向罄书困惑地皱起了眉——这不能怪他反应慢嘛……他又没碰过这种事……
而那位‘江洋大盗’则是从错愕到冷下一张脸,一句话也不说地瞪着向罄书看。
然后,众家丁也开始三三两两地看向了自家少主……
这……这么“干脆“地把大家给召唤来了……接下来该怎么做好歹交代一声吧——家丁们面面相觑,搞不清楚突然沉思起来的向罄书到底在想什么。
所谓众志成城——‘江洋大盗’一个人森冷的目光无法使兀自出神的向罄书清醒,但一群“视线”总也发挥得了些效用;向罄书终于回过神来。
“呃……我没事……”看到众人的眼光,向罄书也知道自己无论如何都得赶紧下达个决定——要不然恁也难看了一点……“好……就先把贼人捆起来再说!”
向罄书臂一抬、手一指,颇有大将之风地下了命令。
还是先把匪徒制服了安全点,省得请爹来发落时又横生什么变故——自觉终于想得够妥善的向罄书不免开始有些得意了。
谁说他办不了大事儿?得遇到状况才会知道他的潜能嘛……
不过他的得意没有维持多久就开始摇摇欲坠——首先是‘江洋大盗’的眉挑出了惊人的高度,脸上的凶煞之气更形嚣长……说看来不吓人是硬撑的啦……
再来就是平日惟命是从的向府家丁此时竟无人有动作,反倒是面面相觑的手足无措中。
看到敌方的杀气一下提高,再看到自己的部队阵前退缩,向罄书不禁急了:
“你们在做什么?还不快将他拿下?”
这是搞什么鬼?向罄书的心中不禁咒骂了起来。
半晌没人回话。
“你们都吃错药啦?还是听不懂我的话?”向罄书这会儿只差没真的当场跳脚——至于咒骂……他如果不是为了顾全颜面,早就冲口而出了。
而见到自己的主子濒临崩溃边缘,终于有人壮着胆子出来回话。
“大少爷……我说……您这是要咱们绑谁啊……”一个拿着长枪火把的家丁,战战兢兢地从人群中走出了数步,来到向罄书的身边。
“你这不废话吗?当然是绑贼啦……难道是绑我啊?”向罄书当场翻了个大白眼。
这些人……谁请回来的啊?
“可是……可是……这儿没有贼啊……”家丁甲嗫嚅着——大少爷今个儿是怎么啦,怎么怪怪的呢?

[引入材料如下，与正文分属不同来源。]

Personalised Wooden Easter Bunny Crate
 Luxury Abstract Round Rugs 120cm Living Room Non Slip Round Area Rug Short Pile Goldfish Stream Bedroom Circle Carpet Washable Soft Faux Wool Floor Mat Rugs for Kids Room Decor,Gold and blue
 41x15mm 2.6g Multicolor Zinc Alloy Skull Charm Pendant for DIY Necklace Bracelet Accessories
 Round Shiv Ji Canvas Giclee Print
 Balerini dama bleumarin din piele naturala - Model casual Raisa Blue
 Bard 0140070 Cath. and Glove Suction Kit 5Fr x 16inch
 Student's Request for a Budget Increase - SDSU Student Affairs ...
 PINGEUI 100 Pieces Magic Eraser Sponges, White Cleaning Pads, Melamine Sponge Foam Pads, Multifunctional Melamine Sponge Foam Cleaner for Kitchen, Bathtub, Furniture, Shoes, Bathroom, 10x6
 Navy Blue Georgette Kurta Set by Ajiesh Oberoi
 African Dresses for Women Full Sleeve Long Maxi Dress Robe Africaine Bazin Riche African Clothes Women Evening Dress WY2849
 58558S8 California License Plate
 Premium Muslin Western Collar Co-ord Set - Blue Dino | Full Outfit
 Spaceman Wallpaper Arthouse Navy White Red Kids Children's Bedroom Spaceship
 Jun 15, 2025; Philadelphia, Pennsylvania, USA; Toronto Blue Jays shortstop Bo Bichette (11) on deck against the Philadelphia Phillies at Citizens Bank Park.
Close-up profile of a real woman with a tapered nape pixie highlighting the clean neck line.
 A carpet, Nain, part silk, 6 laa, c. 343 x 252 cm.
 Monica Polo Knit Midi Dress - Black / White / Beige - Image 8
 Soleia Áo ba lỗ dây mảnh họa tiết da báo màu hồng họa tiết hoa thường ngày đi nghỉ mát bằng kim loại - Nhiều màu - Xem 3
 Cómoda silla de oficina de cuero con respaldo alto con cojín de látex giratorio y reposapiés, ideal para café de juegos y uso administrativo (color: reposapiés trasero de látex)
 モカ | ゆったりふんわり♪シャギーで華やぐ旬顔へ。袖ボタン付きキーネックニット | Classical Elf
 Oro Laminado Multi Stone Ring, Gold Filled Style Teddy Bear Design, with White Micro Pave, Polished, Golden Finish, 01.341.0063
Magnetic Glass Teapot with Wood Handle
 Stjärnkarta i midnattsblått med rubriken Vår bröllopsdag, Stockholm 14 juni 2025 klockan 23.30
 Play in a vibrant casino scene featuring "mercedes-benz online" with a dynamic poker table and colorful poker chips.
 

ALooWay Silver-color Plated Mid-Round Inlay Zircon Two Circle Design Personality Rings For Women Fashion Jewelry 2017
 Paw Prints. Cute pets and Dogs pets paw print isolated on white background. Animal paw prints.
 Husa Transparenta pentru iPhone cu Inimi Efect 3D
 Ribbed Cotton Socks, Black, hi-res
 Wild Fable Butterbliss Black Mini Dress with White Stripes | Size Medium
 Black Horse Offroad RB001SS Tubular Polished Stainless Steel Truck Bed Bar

“没……”向罄书此时觉得自己没给这些人气得厥过去还真算得上是了不起了——这么大一个人不会跟他说见不到吧?不会跟他说他见鬼了吧?“那这家伙是什么?擅闯私人宅院耶……这种人你们不称之为贼难道还是客啊?”
“呃……大少爷……是没错啊……”家丁甲的头上已然冒出大颗大颗的汗珠。
“那不结了?既然没错,还不快将他绑起来?”逼自己无视于对方肃杀的脸色和眼光,向罄书硬是瞟去了一个轻视的眼光,耐着性子地重复命令。
既然这次大家都有共识,相信应该没问题了吧?
“呃……”
可惜家丁甲还是杵在原地面有难色;而其他的家丁更是不用说,通通表演木头人——只不过脸上多加了点不知所措的成份。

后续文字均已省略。